### TASK DESCRIPTION
Transcribe each record exactly. Omit the pictures.

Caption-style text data
BEGIN

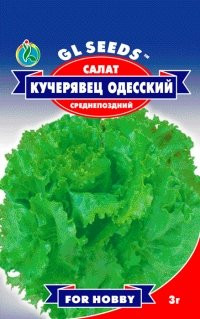 Салат Кучерявець Одеський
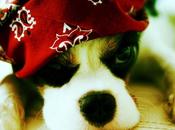 Jailbreak 6.1.3 (Tethered) votre iPhone iPhone...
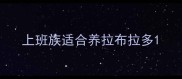 上班族适合养拉布拉多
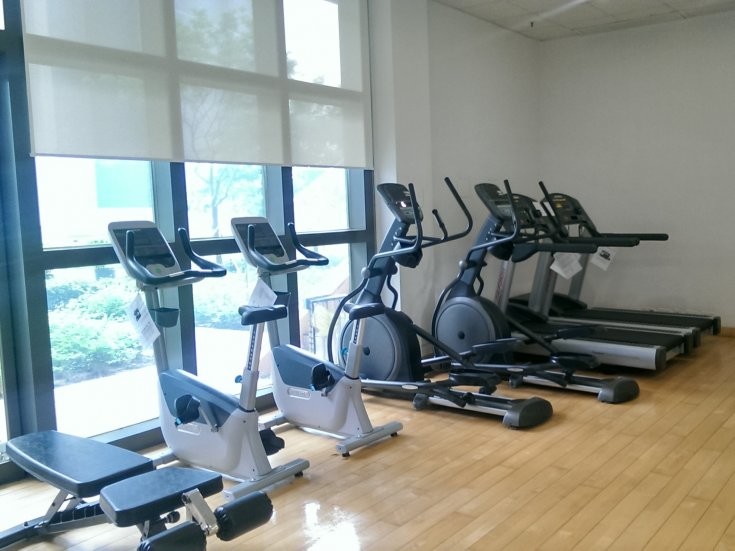 Physical Education and Sports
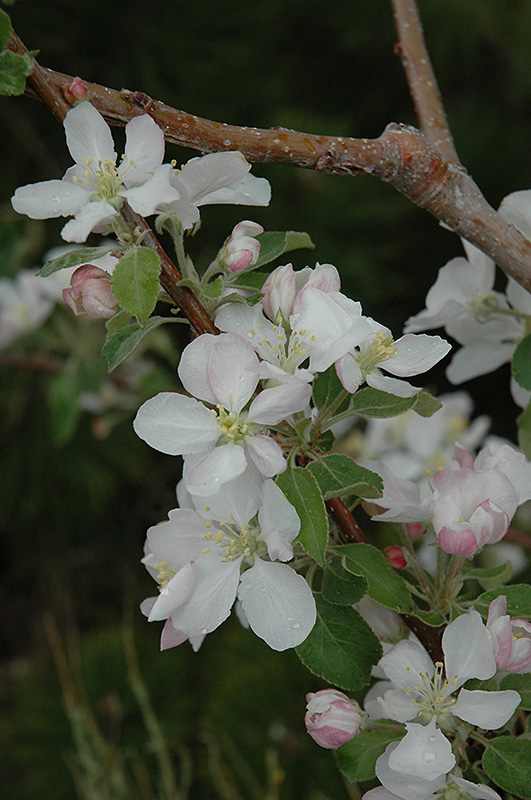 Pink Lady Apple (Malus 'Pink Lady') at Rainbow Gardens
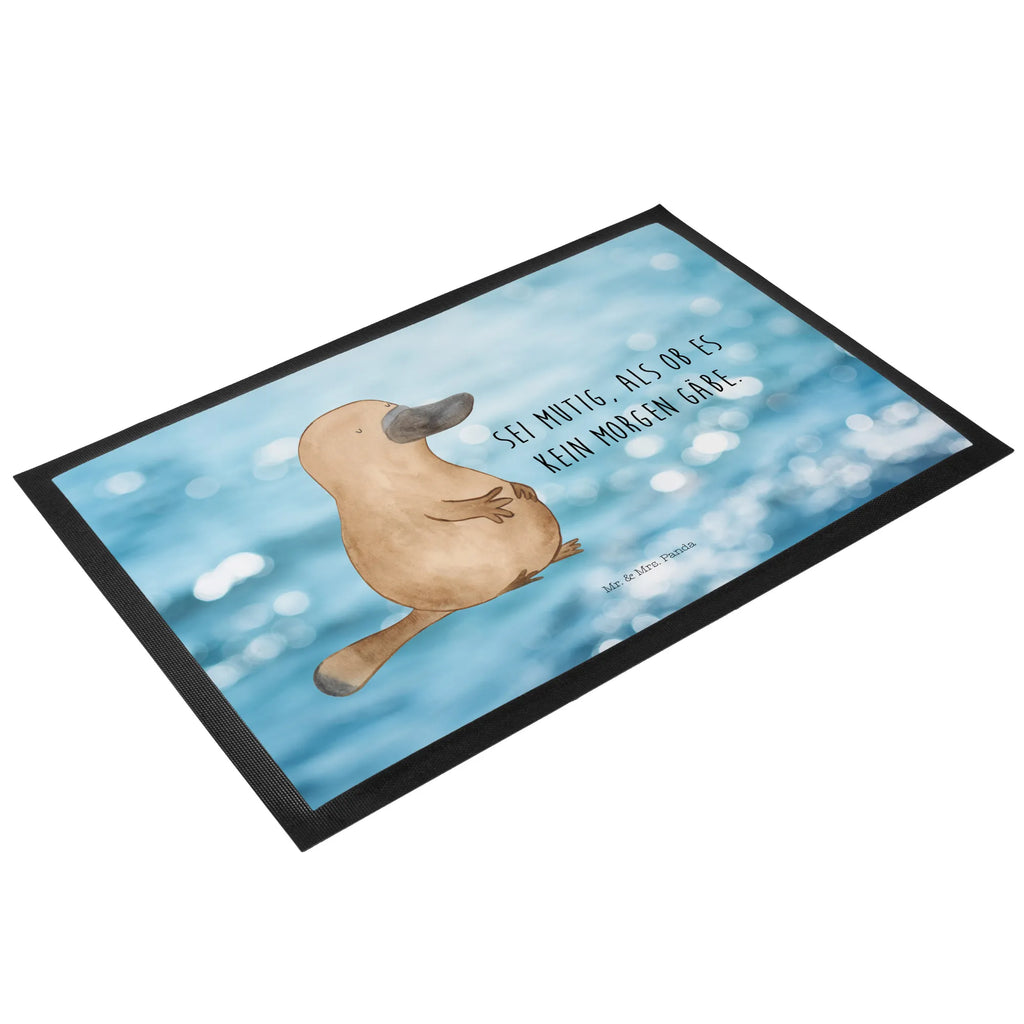 wycieraczka dziobak Odwaga Zwierzeta morskie, Morze, Wakacje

END

### SOLUTION TO THIS PROBLEM
 Салат Кучерявець Одеський
 Jailbreak 6.1.3 (Tethered) votre iPhone iPhone...
 上班族适合养拉布拉多
 Physical Education and Sports
 Pink Lady Apple (Malus 'Pink Lady') at Rainbow Gardens
 wycieraczka dziobak Odwaga Zwierzeta morskie, Morze, Wakacje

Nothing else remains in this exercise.